One Mo’ Time !

Fox Hunter’s Code of Conduct
I will listen, and listen, and then listen again before calling.
I will only call if I can copy the Fox station properly (so that I will know for certain that he is calling me and no one else).
I will not interfere with the Fox station nor anyone calling and will never tune up on the Fox frequency or in the QSX slot.
I will double check to make sure I am operating split, if necessary.
I will use full break-in if at all possible.
I will wait for the Fox station to end a contact before I call.
I will always send my full call sign.
I will call and then listen for a reasonable interval. I will not call continuously.
I will not transmit when the Fox station calls another call sign, not mine.
I will not transmit when the Fox station queries a call sign not like mine.
When the Fox station calls me, I will send only the required exchange of RST – S/P/C – Name – Power out
I will be thankful if and when I do make a contact.
I will resort to attempting duplicate contacts only if I am very certain that I was not heard the first time.
I will respect my fellow hams and conduct myself so as to earn their respect.
72 de Larry W2LJ
QRP – When you care to send the very least!
Larry Makoski, W2LJ, is a regular contributor to and writes from New Jersey, USA. Contact him at [email protected].

One Response to “One Mo’ Time !”

  • Mark AI4HO:

    All too often it is quite the opposite, doesn’t matter weather you’re operating QRP or QRO, still have a way too any ops trying to get that “rare” DX by hook or by crook. For me, the worst are the tuner uppers, I am on a 40 meter net most week day mornings and am the net control station Wednesday mornings. All to often we have to try an run a net over these people who are either to lazy to listen, or just don’t care.

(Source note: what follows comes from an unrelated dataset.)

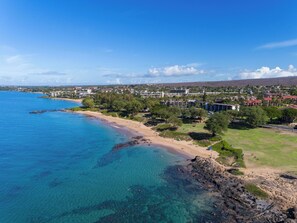 Beach nearby, sun loungers, beach towels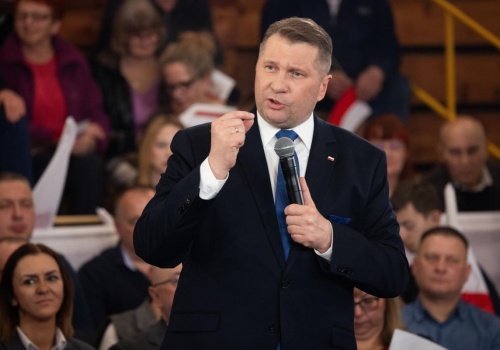 Premier mówił o telefonach od przywódców. Czarnek:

    Yes, most of us who are net control stations have to run some power as we have check ins from as far west as Tx. California on a rare day. up and down the East coast, and as far nor as New Brunswick. So I know we can be heard, someone can hear someone on our net. It is pure laziness or poor operating skills or both. Sorry for the rant, these people really get under my skin. These rules can well be applied for most any ham radio on air activities…well said Larry…well said.